A new book revisits the infamous 2014 Badaun rape-murder case, where two cousin sisters were found hanging from a tree in UP, and tells readers how “communities, politicians, police, the media, and the criminal justice system can impact women’s lives” — sometimes pushing them towards terrible outcomes.
The book, titled The Good Girls: An Ordinary Killing, is written by award-winning reporter and writer Sonia Faleiro and will hit the stands on January 25. It claims to tell the “true story” of two girls, cousins aged 16 and 14, who went missing one night from their home in Badaun, Uttar Pradesh and were discovered hanging from a mango tree on May 28, 2014. “I hope this book will engross readers until the very end, and expand their understanding of village life, and what it means to be a young woman with a head full of hope and dreams in India today,” Faleiro, author of Beautiful Thing: Inside the Secret World of Bombay’s Dance Bars, told PTI.
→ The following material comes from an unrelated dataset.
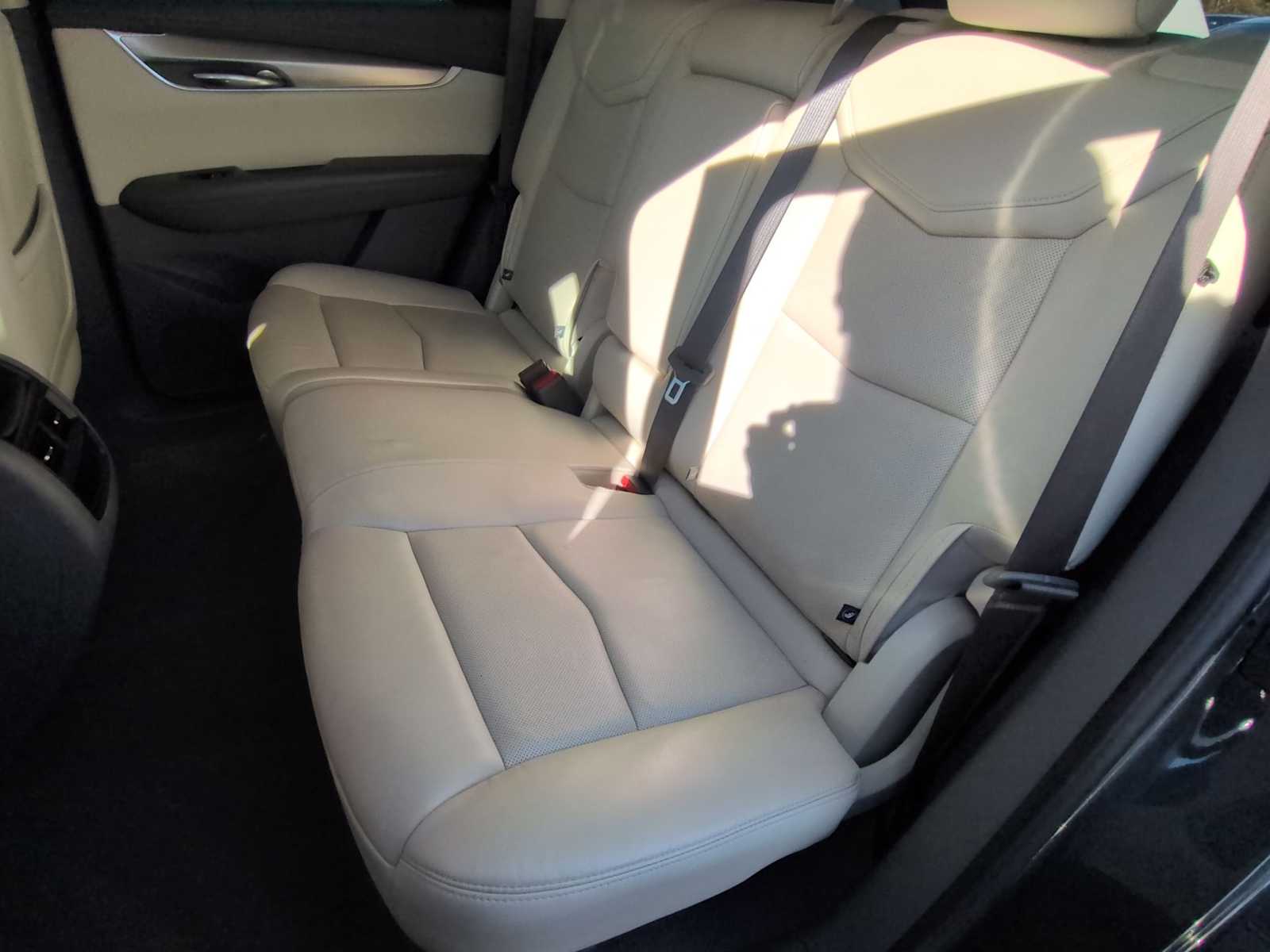 Thumbnail: 2019 Cadillac XT5 - 20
Delighted to see my new book The Good Girls: An Ordinary Killing on this fantastic list. https://t.co/tgxNfQibHN
— Sonia Faleiro (@soniafaleiro) January 11, 2021
“Through the intimate and immersive story of the teenagers’ lives, and then deaths, we learn how communities, politicians, police, the media, and the criminal justice system can impact women’s lives, pushing them towards sometimes terrible outcomes,” she added. The alleged incident of rape and murder of the two girls, which had triggered a nationwide outrage, was investigated by the CBI. The CBI, in its closure report submitted in Badaun’s POCSO (Protection of Children from Sexual Offences) court, had said that the girls committed suicide and were neither raped nor murdered. The court in 2015 had rejected CBI’s closure report.
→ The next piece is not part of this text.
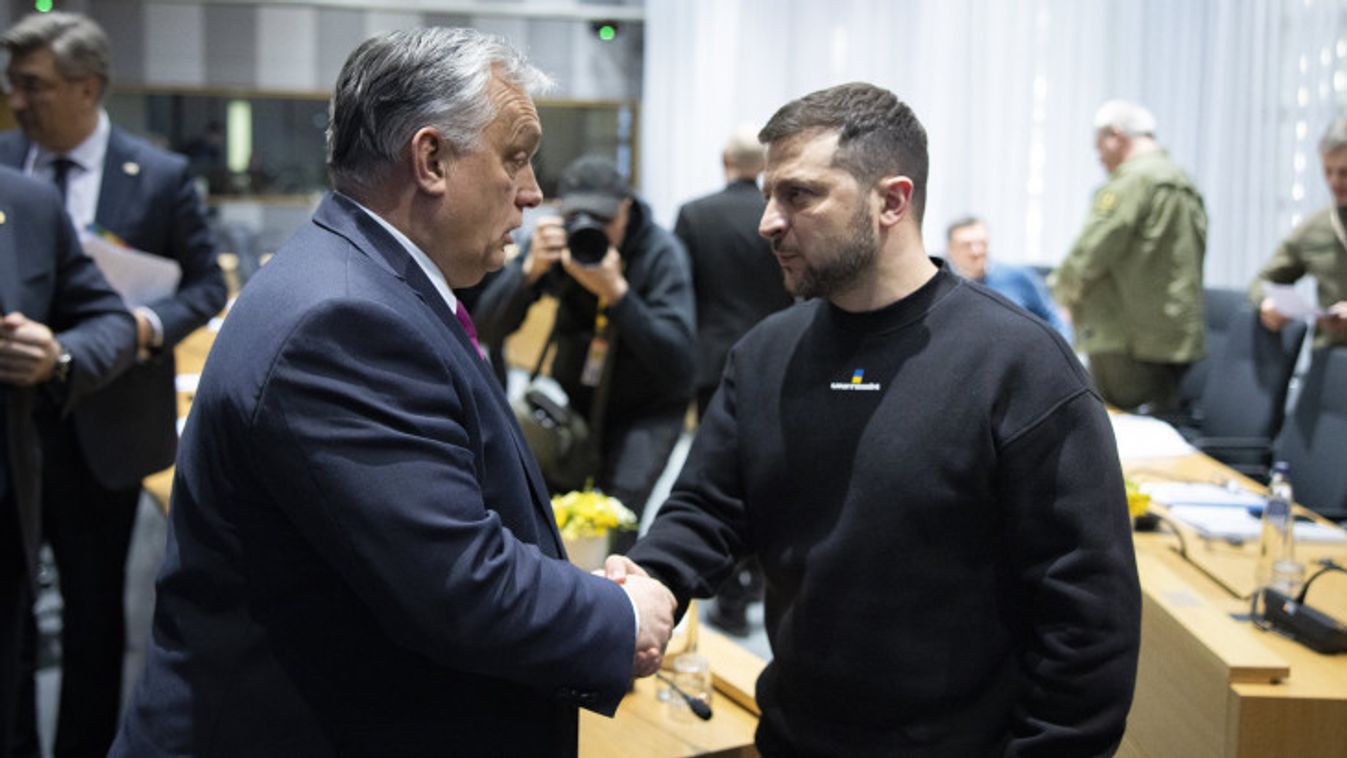 Orbán Viktor kezet fogott Volodimir Zelenszkij ukrán elnökkel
According to publishing house Penguin, the book, which is a result of “six years” of painstaking investigation, dares to ask: “What is the human cost of shame?”. “Slipping deftly behind political manoeuvring, caste systems and codes of honour in a village in northern India, ‘The Good Girls’ returns to the scene of Padma and Lalli’s short lives and tragic deaths, and dares to ask: what is the human cost of shame?,” it said.